#### [Task brief]
The material below has pictures in it. Set down only the lines from the line containing "royaluxe- 22CM Luminaire" through the line containing "Saeskyn homepage screenshot", word for word, and leave the pictures behind.

#### [Study material]
****************
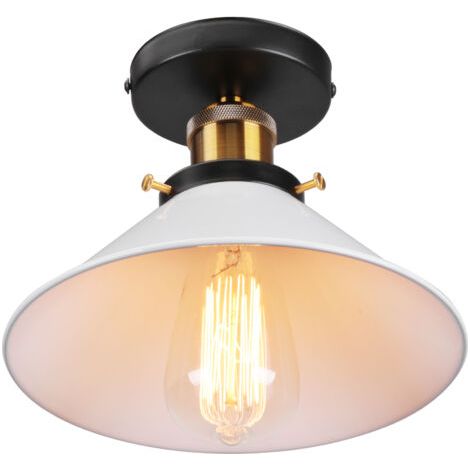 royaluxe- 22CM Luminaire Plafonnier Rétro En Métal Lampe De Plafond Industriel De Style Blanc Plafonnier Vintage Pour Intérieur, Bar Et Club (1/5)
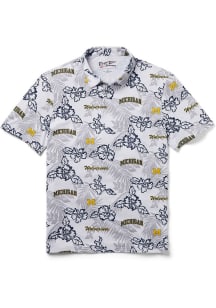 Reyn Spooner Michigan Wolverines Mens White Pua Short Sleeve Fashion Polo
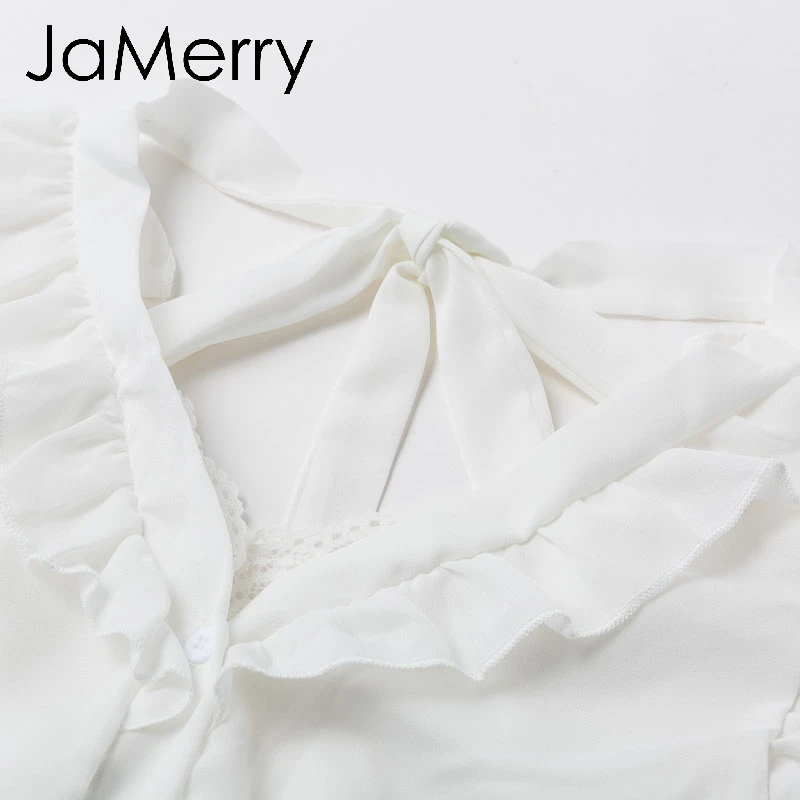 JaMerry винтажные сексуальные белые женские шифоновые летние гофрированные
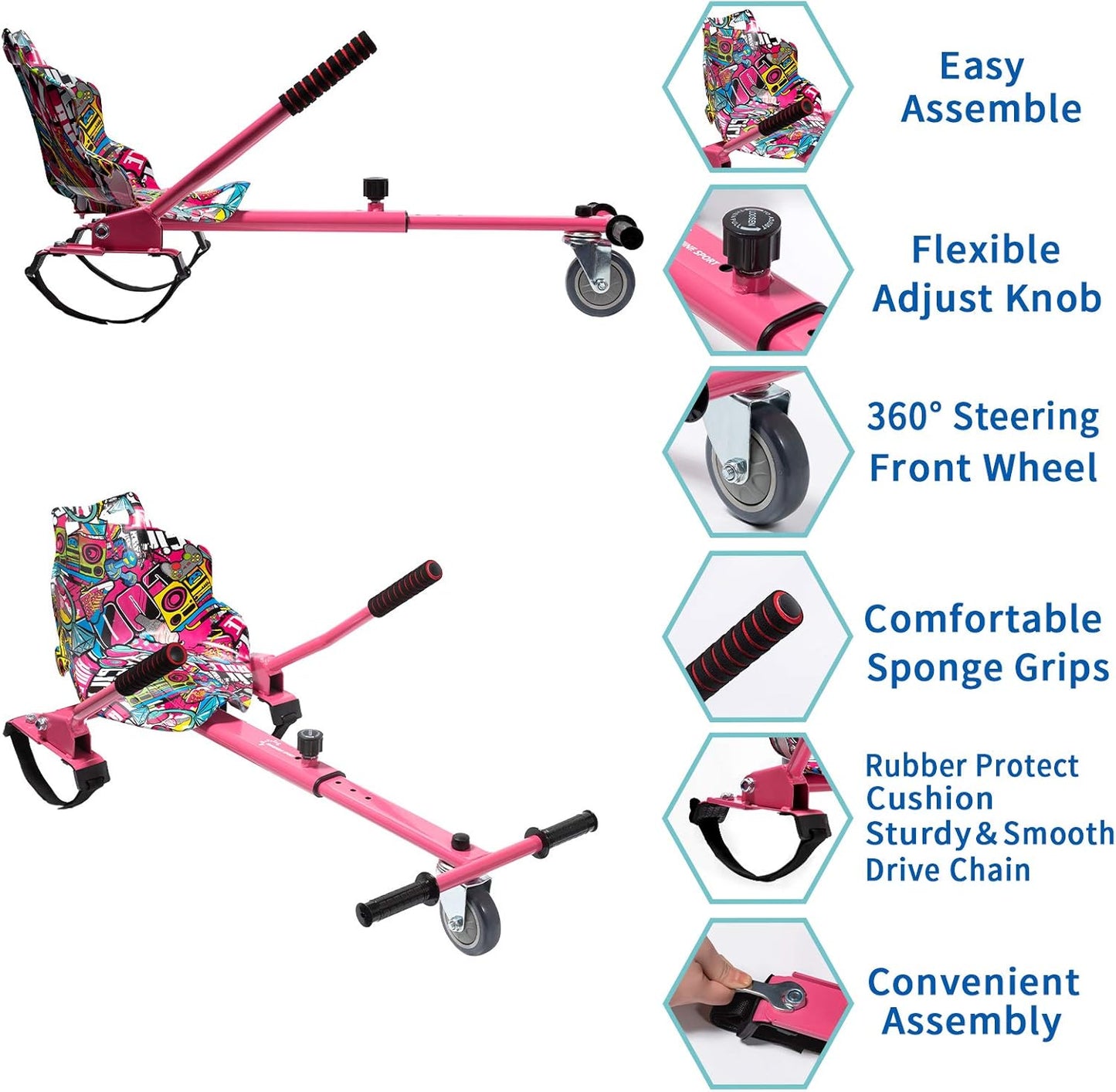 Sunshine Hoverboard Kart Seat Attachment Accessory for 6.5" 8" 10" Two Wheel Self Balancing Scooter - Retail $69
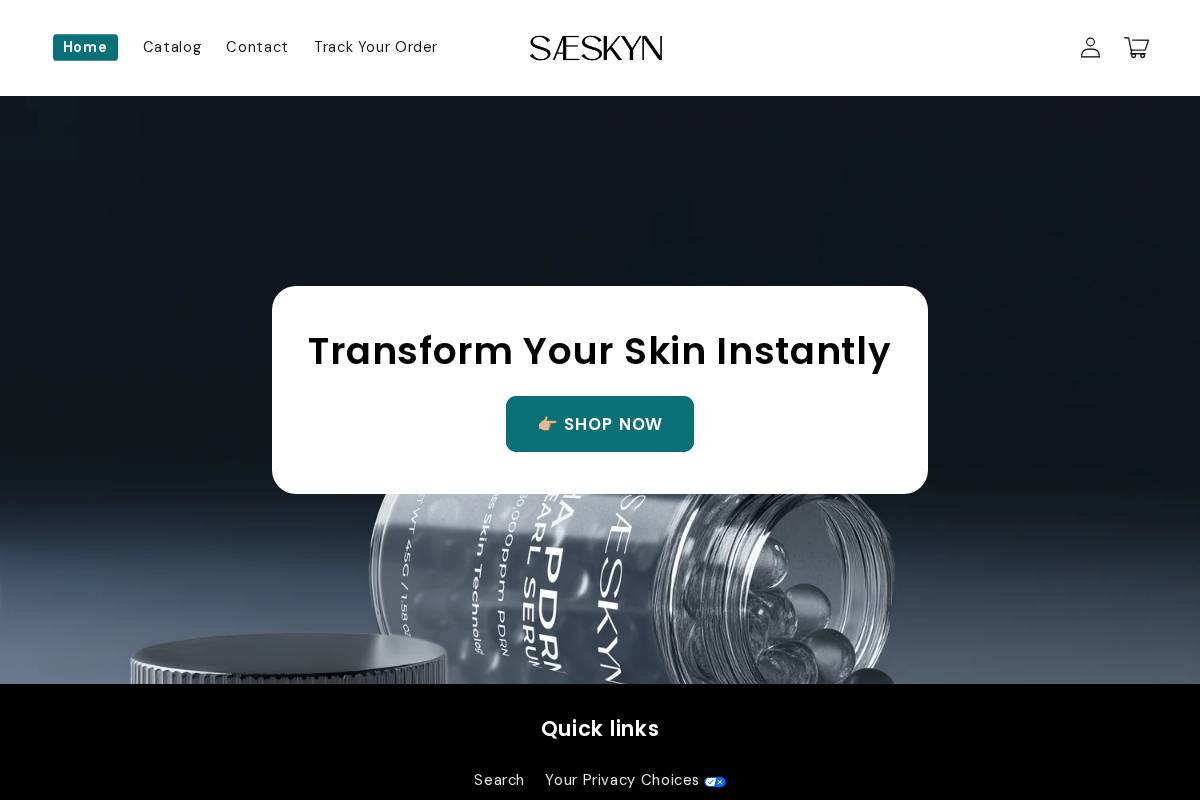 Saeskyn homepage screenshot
****************
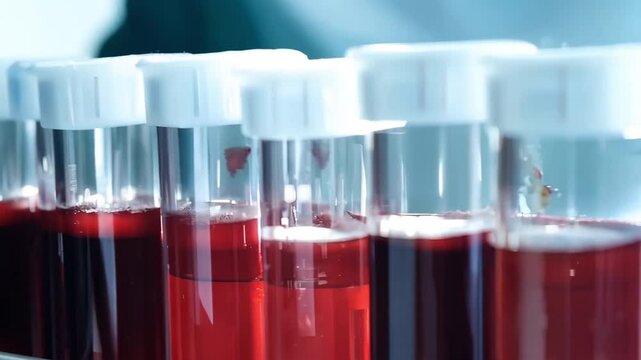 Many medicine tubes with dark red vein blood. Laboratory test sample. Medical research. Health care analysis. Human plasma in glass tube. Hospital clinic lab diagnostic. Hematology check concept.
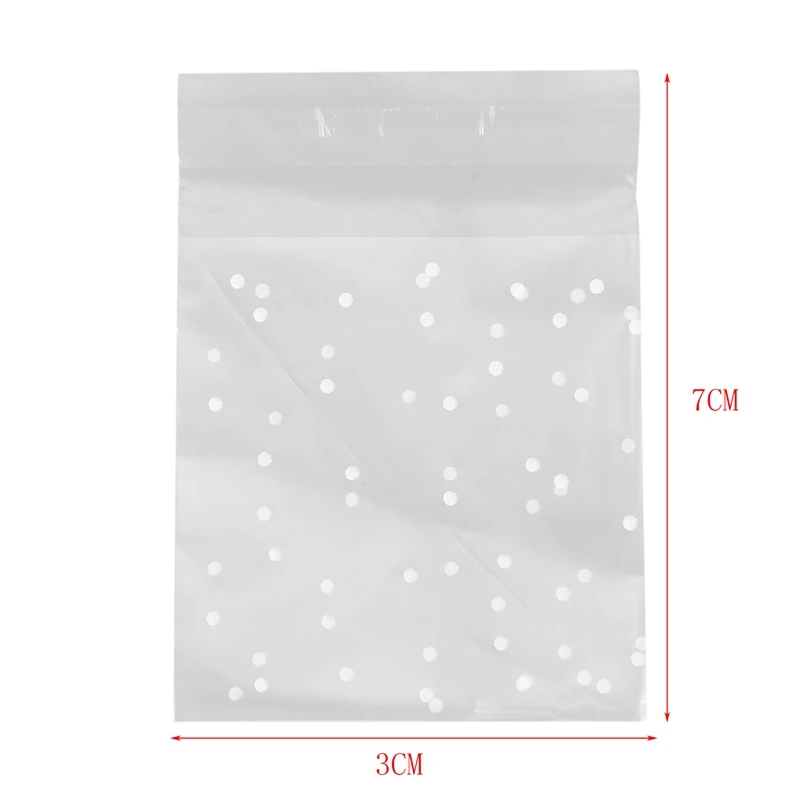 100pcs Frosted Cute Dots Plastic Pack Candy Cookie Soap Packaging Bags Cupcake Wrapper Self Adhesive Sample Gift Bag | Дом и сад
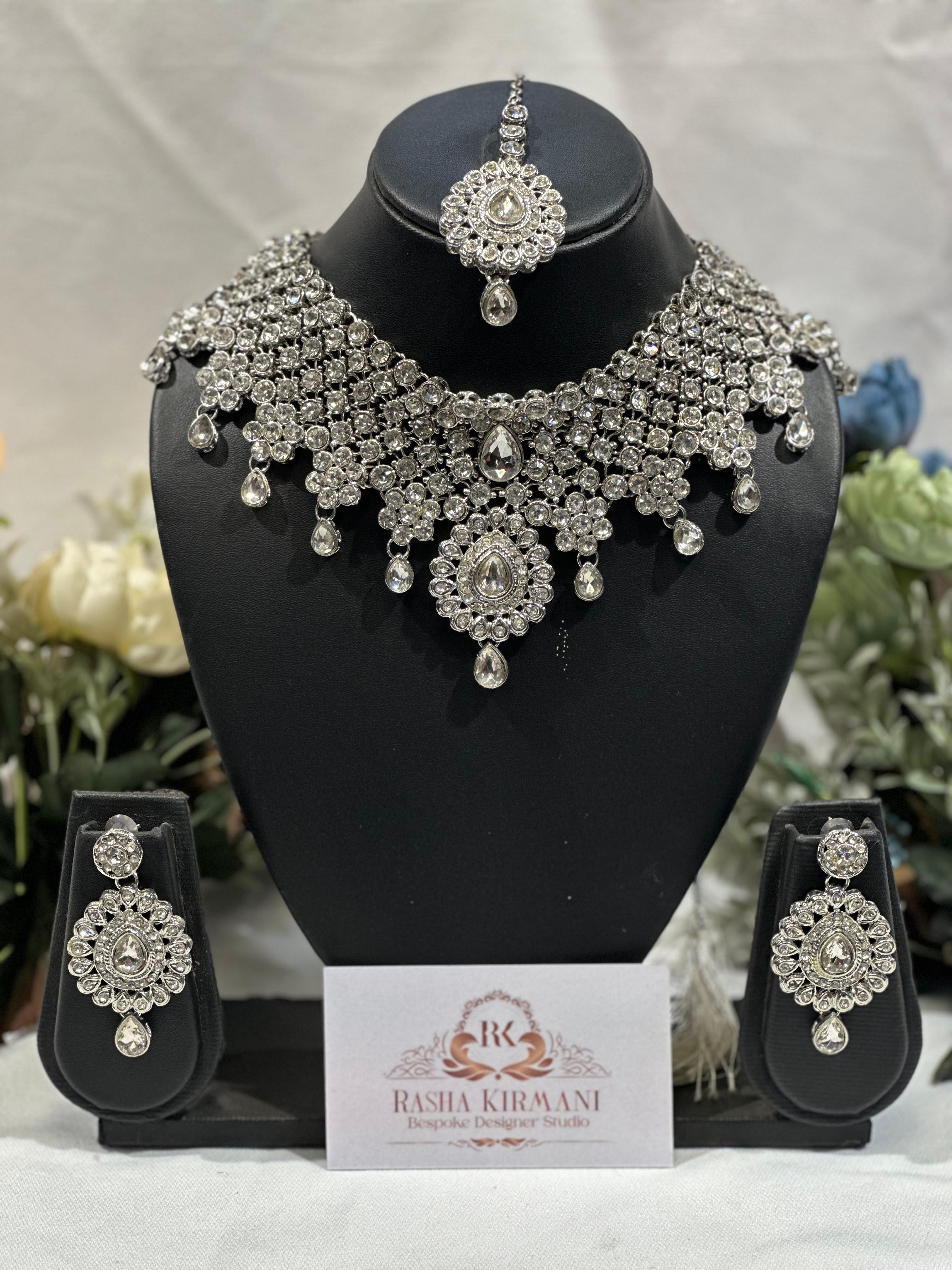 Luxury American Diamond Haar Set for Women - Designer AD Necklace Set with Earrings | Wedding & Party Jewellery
****************
#### [Answer section]
 royaluxe- 22CM Luminaire Plafonnier Rétro En Métal Lampe De Plafond Industriel De Style Blanc Plafonnier Vintage Pour Intérieur, Bar Et Club (1/5)
 Reyn Spooner Michigan Wolverines Mens White Pua Short Sleeve Fashion Polo
 JaMerry винтажные сексуальные белые женские шифоновые летние гофрированные
 Sunshine Hoverboard Kart Seat Attachment Accessory for 6.5" 8" 10" Two Wheel Self Balancing Scooter - Retail $69
 Saeskyn homepage screenshot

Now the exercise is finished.